Rashid Hamad

Personal information
- Full name: Rashid Salih Hamad Al-Athba
- Nationality: Qatar
- Born: 18 October 1987 (age 38)
- Height: 1.82 m (6 ft 0 in)
- Weight: 78 kg (172 lb)

Sport
- Sport: Shooting
- Event: Skeet

Medal record
Men's shooting
Representing Qatar
World Championships
| Bronze medal – third place | 2022 Osijek | Skeet |
Asian Games
| Silver medal – second place | 2022 Hangzhou | Skeet team |
| Bronze medal – third place | 2022 Hangzhou | Skeet mixed team |
| Gold medal – first place | 2026 Aichi–Nagoya | Skeet |
Asian Championships
| Gold medal – first place | 2012 Doha | Skeet team |
| Gold medal – first place | 2019 Doha | Skeet team |
| Gold medal – first place | 2023 Changwon | Skeet |
| Bronze medal – third place | 2023 Changwon | Mixed skeet team |
| Bronze medal – third place | 2025 Shymkent | Skeet team |
Asian Shotgun Championships
| Gold medal – first place | 2022 Almaty | Skeet team |
| Silver medal – second place | 2019 Almaty | Skeet team |
| Bronze medal – third place | 2019 Almaty | Skeet |

= Rashid Saleh Al-Athba =

Qatari sport shooter (born 1987)

Rashid Salih Hamad Al-Athba (راشد صالح حمد العتبه; born 18 October 1987) is a Qatari sport shooter.
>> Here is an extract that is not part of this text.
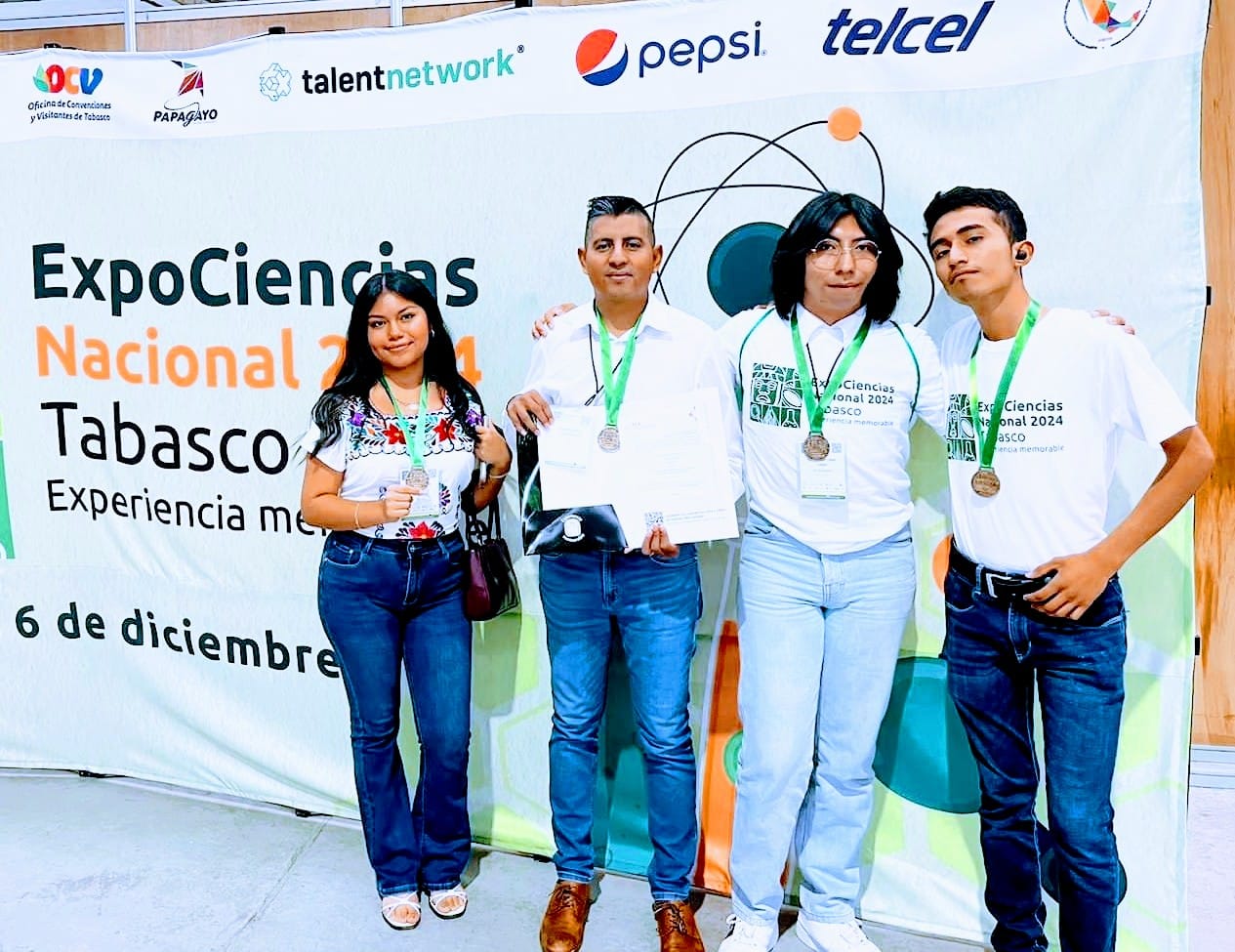 CECyTE Puebla destaca en Talent Land 2025 con proyectos de innovación educativa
Hamad represented Qatar at the 2008 Summer Olympics in Beijing, where he competed in the men's skeet shooting, along with four-time Olympian Nasser Al-Attiyah. He finished only in thirty-seventh place for the two-day qualifying rounds, with a total score of 106 points. Hamad clinched a silver and a bronze in the skeet event at the 2022 Asian Games.